▶ **EXERCISE DIRECTIONS**
Exclude the pictures. Transcribe, exactly as written, the lines from the one with "Tesla Model 3 Tração Traseira Premium" through the end of the entries below.

[Image-caption web data]

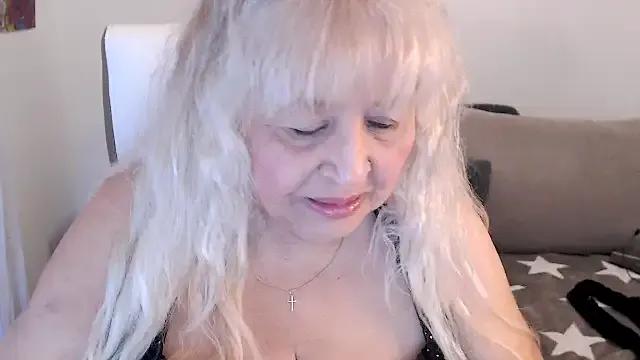 SusiLifeXXX on StripChat 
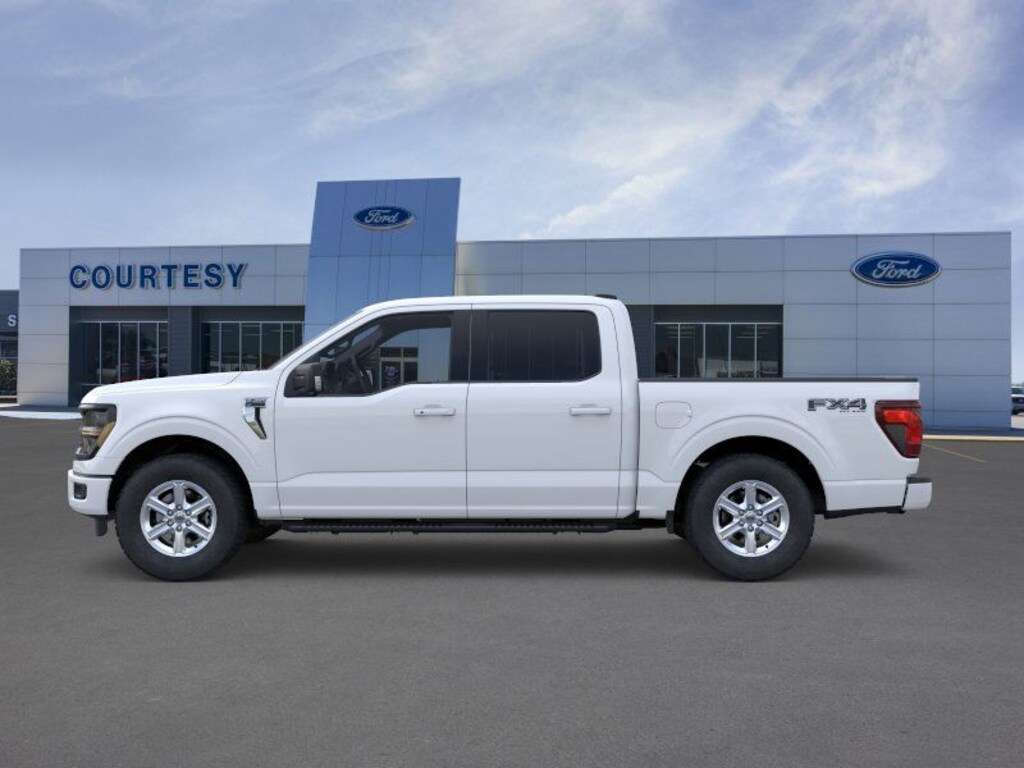 New 2026 Ford F-150 XLT Truck SuperCrew Cab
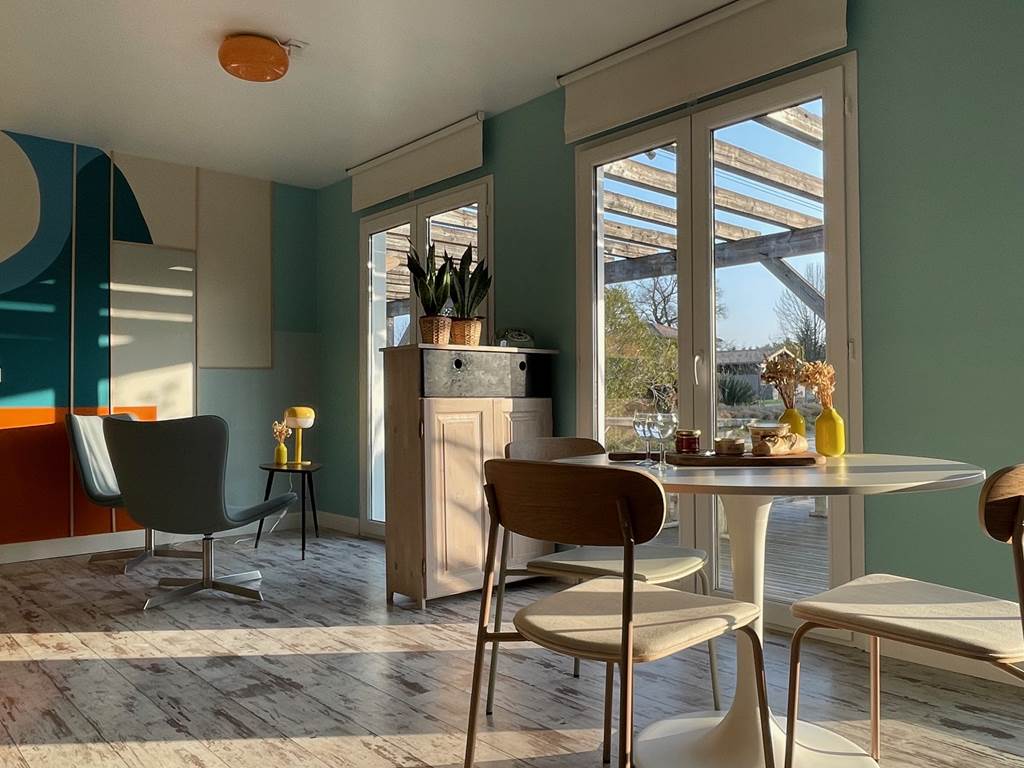 Poolhouse-interieur-La-Petite-Couronne-Ecolodge-Lofts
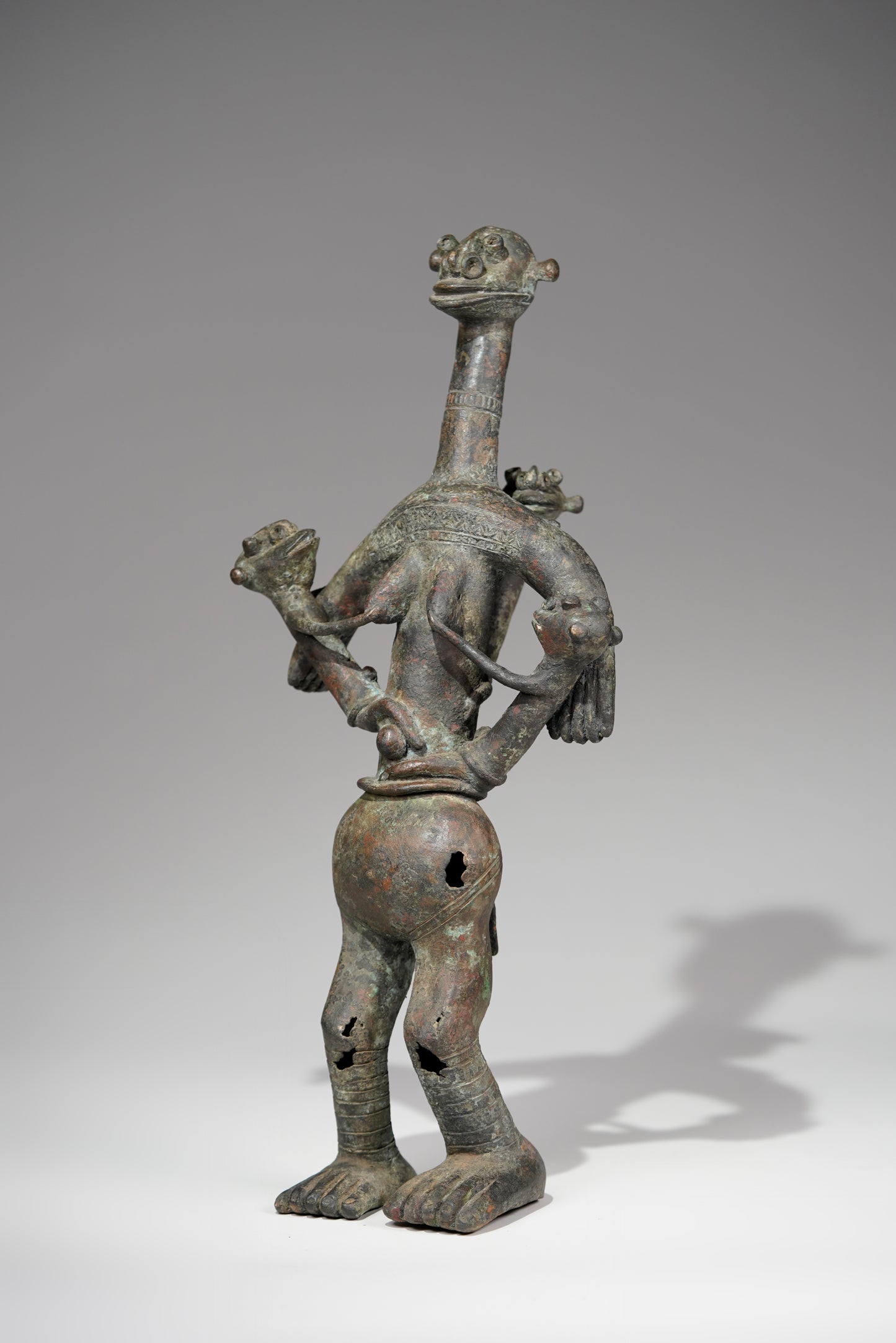 A female Tikar sculpture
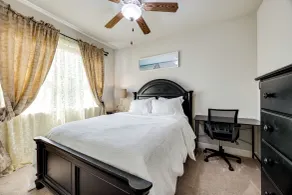 Spacious Family Home in Visalia Near Downtown and Parks - Innvendig
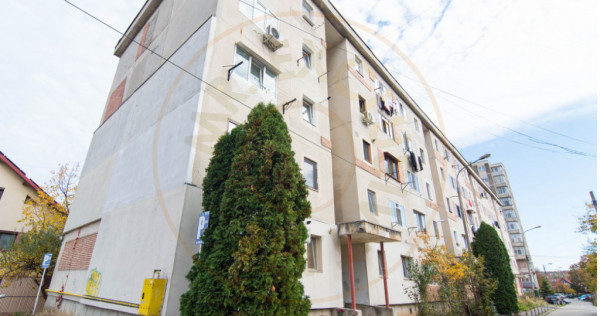 Garsoniera COCHETA Gavana, etaj 1. Comision 0%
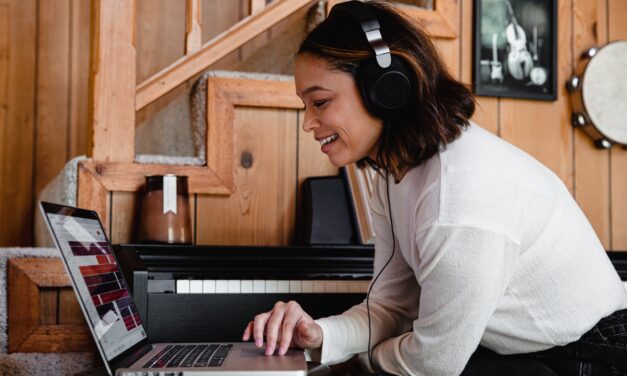 10 melodii inspirationale care te fac sa uiti de task-urile coplesitoare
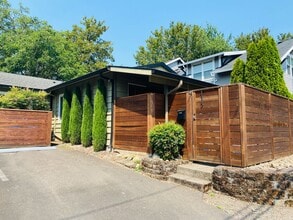 Building Photo - 8725 SE 11th Ave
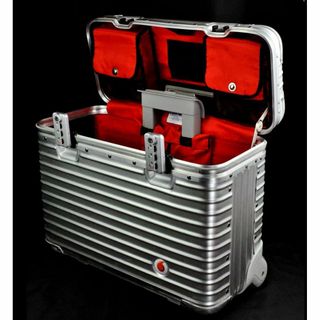 RIMOWAのフリマアイテム一覧 RIMOWAのフリマアイテム一覧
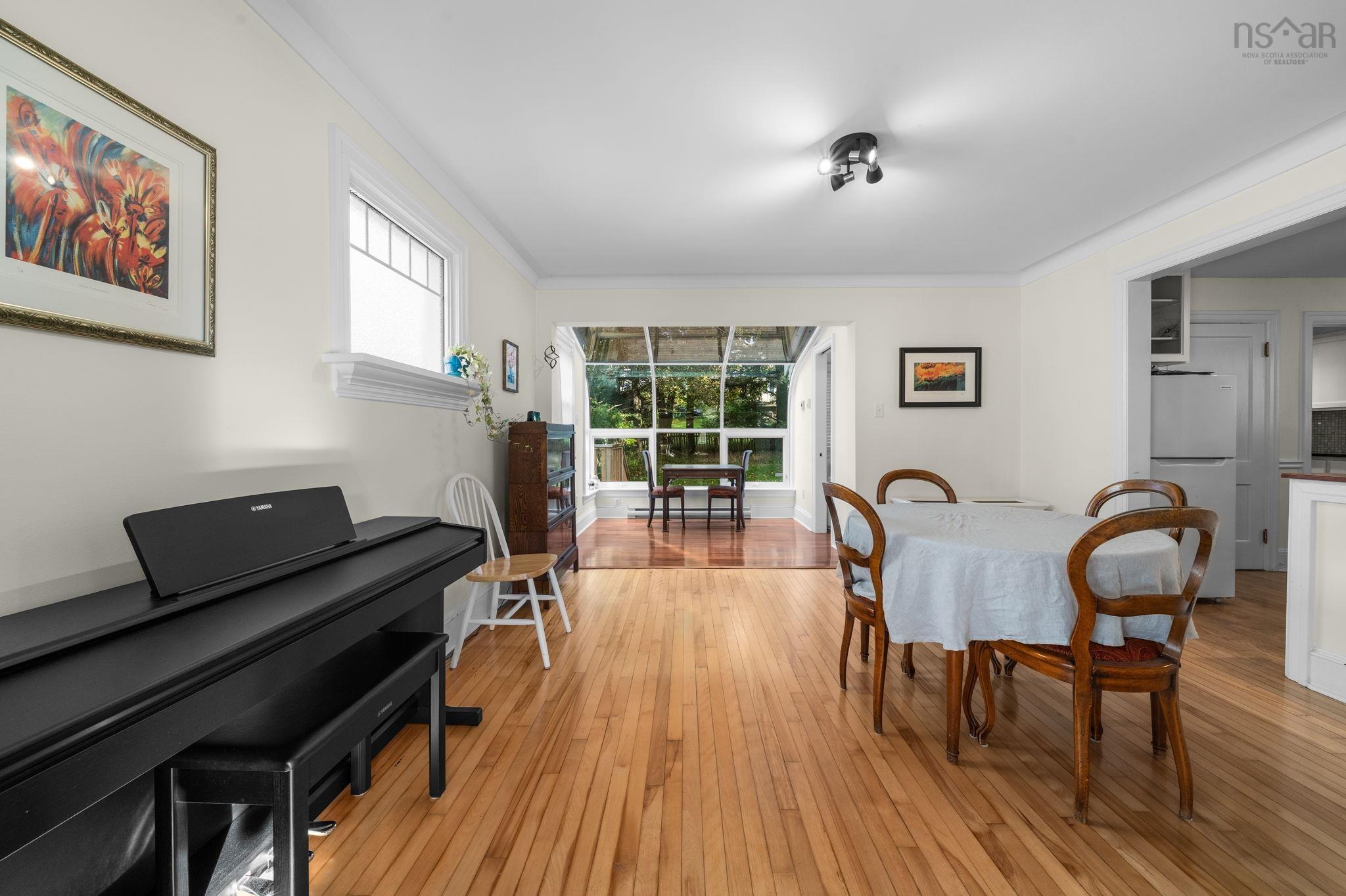 $774,900.00: 6869 Quinpool Road, Halifax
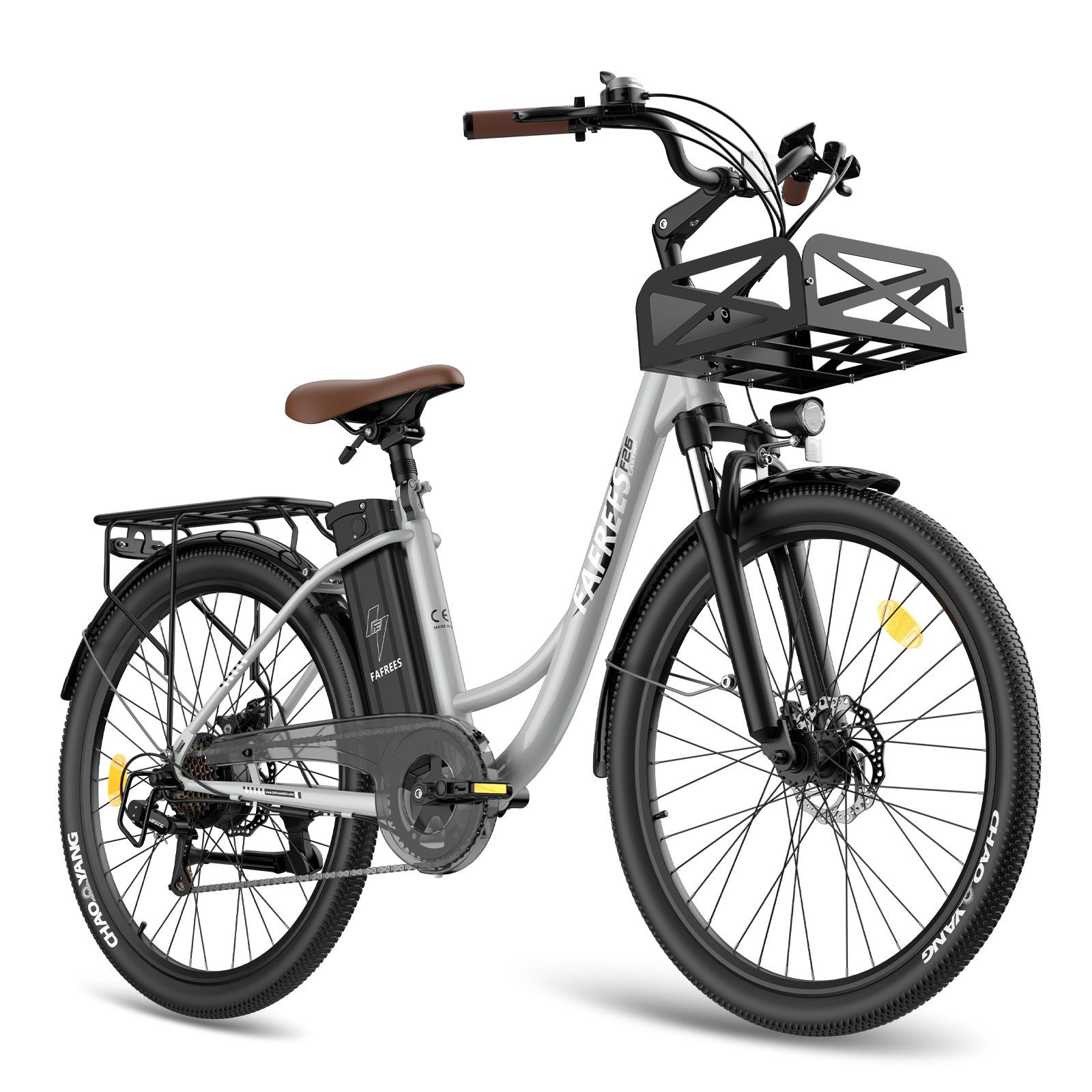 Vélo électrique, cadre argenté, selle et poignées marron, pneus noirs, panier avant, porte-bagages arrière.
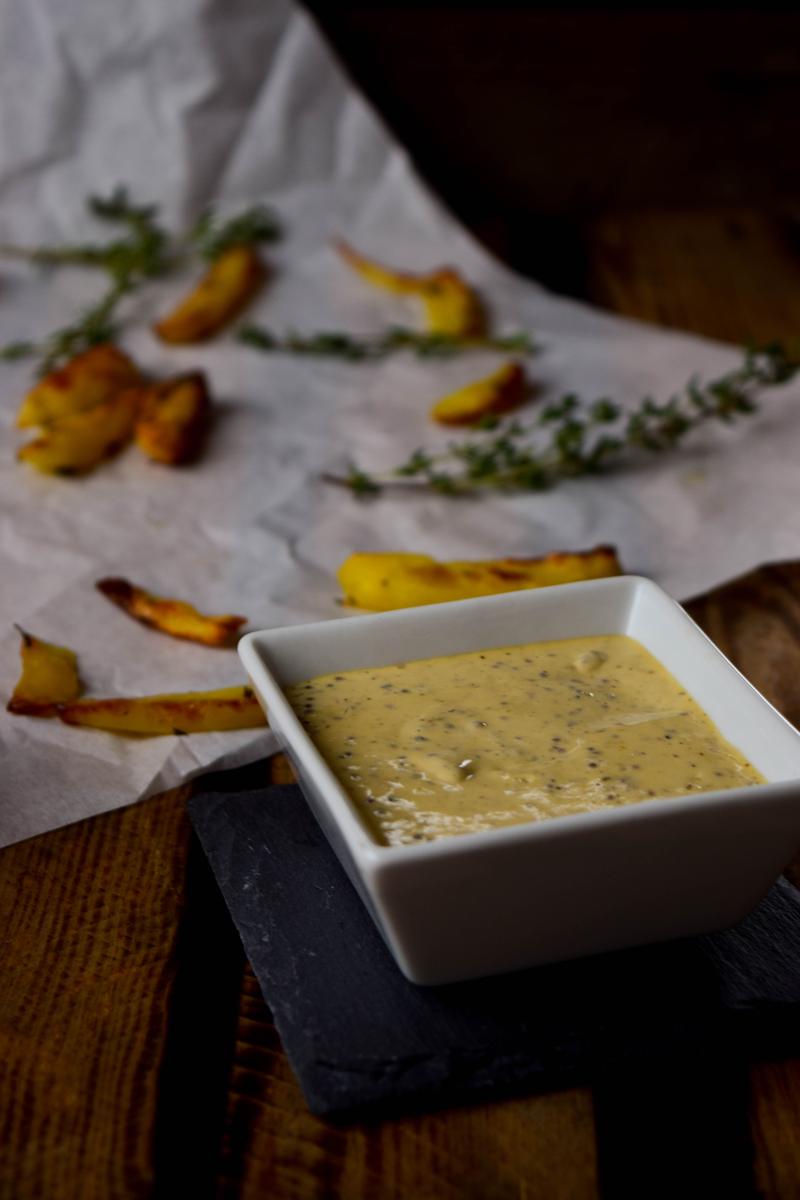 Rezeptbild: Thymian Pommes mit Dips und Fleischspieß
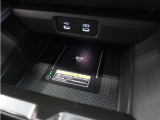 ◆ワイヤレス充電器◆ワイヤレス充電規格Qiに適合した機器を充電エリアに置くことで使用できます。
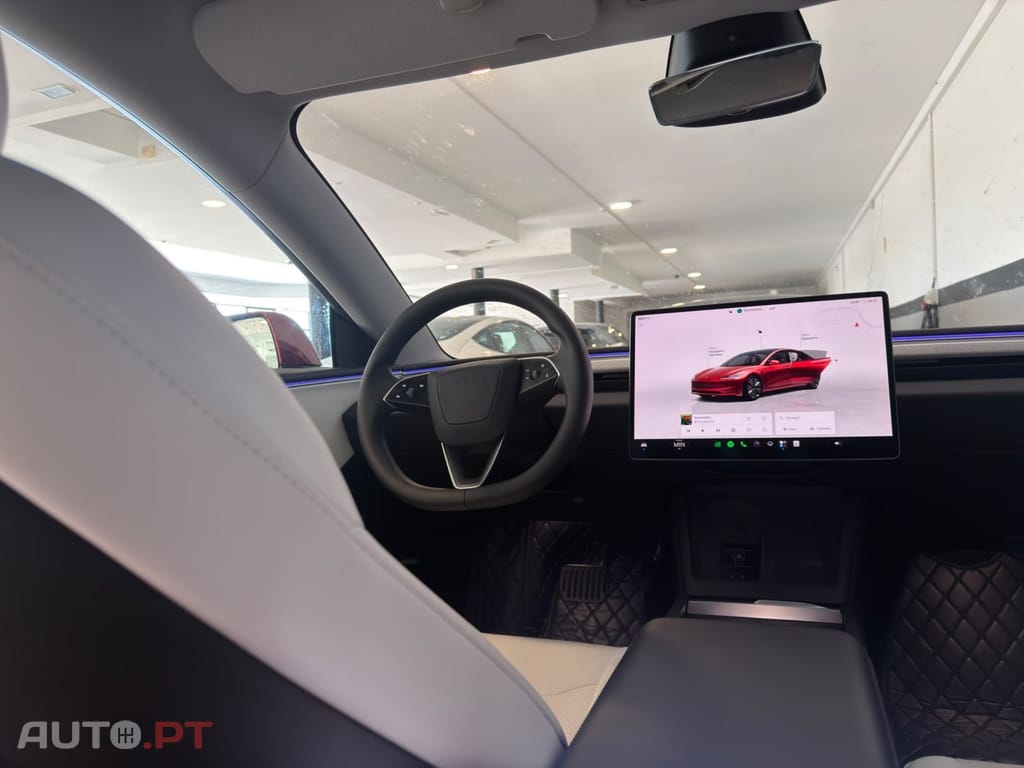 Tesla Model 3 Tração Traseira Premium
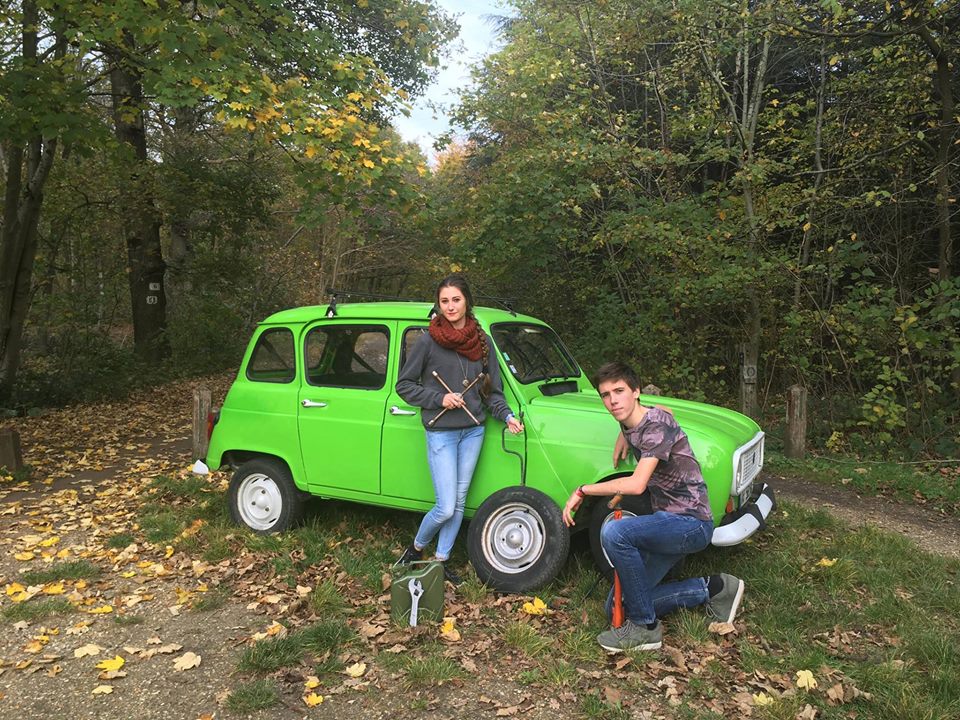 Tom & Zoe  participent au 4L Trophy 2018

▶ **WRITTEN ANSWER**
 Tesla Model 3 Tração Traseira Premium
 Tom & Zoe  participent au 4L Trophy 2018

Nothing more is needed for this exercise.